Coral City imagines the coral reef as a conceptual space full of psychological wonderment. Viewers to play as living coral, bringing the reef to life. A crystalline space alludes to the vulnerability of the reef, globally under attach by ocean acidification, rising sea temperatures, pollution, and human impact. A wave wall undulates in a sequence, perceptually flowing as the viewer moves across. Its white surface changes in color with refracted lighting. The white surface appears hard, while suggesting softness and mutability. This milled wall responds to chief architect of the contemporary art's center, Zaha Hadid, who explored curved forms as sensitive architectures.

The play of scientific discovery informs interactivity and material transformation. The beauty and fragility of the reef is expressed through the visual complexity and confusion of the wallpaper. Visitors get lost in the shallow and deep space of stripes, gradients and shapes. Colors of materials and surface change as the lighting changes. 

The ocean is powerful and hard to understand. Being underwater is spatially confusing. This complexity hopes to draw people closer so they can experience the mystery of the oceans, and raise empathy and awareness for the future of the coral reef and our impact on world ecosystems. 

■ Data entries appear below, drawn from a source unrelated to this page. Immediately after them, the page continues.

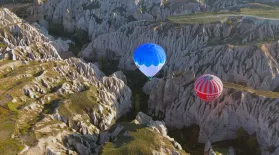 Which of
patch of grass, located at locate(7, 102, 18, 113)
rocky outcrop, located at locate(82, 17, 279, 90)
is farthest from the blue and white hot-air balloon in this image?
patch of grass, located at locate(7, 102, 18, 113)

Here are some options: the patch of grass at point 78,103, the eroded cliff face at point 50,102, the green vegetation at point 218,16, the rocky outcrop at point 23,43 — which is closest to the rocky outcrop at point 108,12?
the rocky outcrop at point 23,43

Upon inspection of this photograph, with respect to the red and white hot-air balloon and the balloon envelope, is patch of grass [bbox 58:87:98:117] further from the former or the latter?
the red and white hot-air balloon

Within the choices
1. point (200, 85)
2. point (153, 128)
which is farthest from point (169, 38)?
point (153, 128)

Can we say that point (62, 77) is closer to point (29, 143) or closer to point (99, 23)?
point (29, 143)

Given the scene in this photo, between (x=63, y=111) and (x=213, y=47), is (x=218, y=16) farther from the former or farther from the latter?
(x=63, y=111)

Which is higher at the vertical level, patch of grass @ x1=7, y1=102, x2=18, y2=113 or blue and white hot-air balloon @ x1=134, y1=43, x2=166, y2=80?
blue and white hot-air balloon @ x1=134, y1=43, x2=166, y2=80

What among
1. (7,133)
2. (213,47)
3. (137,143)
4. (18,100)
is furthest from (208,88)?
(18,100) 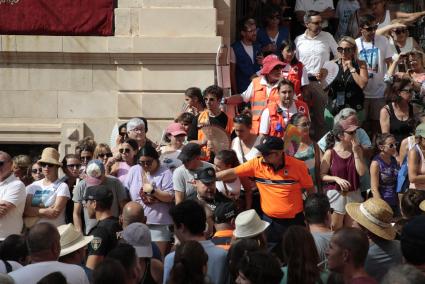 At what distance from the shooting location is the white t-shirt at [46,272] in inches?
302

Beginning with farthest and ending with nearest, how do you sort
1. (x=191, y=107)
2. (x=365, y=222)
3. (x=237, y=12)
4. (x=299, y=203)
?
(x=237, y=12), (x=191, y=107), (x=299, y=203), (x=365, y=222)

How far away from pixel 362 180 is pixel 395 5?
6.99 meters

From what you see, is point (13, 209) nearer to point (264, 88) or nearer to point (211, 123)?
point (211, 123)

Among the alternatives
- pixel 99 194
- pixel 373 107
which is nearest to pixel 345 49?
pixel 373 107

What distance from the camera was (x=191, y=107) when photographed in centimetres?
1413

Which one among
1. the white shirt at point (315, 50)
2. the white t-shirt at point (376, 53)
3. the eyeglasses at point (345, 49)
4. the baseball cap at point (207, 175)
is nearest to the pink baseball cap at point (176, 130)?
→ the baseball cap at point (207, 175)

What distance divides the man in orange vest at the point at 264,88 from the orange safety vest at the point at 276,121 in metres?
0.15

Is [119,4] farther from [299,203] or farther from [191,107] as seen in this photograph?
[299,203]

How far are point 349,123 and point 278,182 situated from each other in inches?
73.3

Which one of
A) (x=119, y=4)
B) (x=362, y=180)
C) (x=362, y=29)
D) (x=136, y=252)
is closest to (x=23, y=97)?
(x=119, y=4)

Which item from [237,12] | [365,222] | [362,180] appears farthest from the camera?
[237,12]

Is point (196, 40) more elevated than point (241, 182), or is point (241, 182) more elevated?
point (196, 40)

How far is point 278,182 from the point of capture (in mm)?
11008

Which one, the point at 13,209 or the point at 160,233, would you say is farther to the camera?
the point at 13,209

-Digitally fabricated furniture covered in neoprene is movable and stackable, able to be re-configured. 
-Yellow and grey striped wallpaper responds to the optical experience of being underwater. 
-The wave wall is a 3D milled curtain unfolding in space. It appears to be moving, as a soft and fluid surface. 
-Laser etched mirrors reflect opposing textures in the space creating portals to different viewpoints and perspectives. 
-The lighting is inspired by early scientific experiments. The idea of refraction of light and surface is used with dichroic films. Light bounces off the film in one direction and creates different colors in the opposing direction.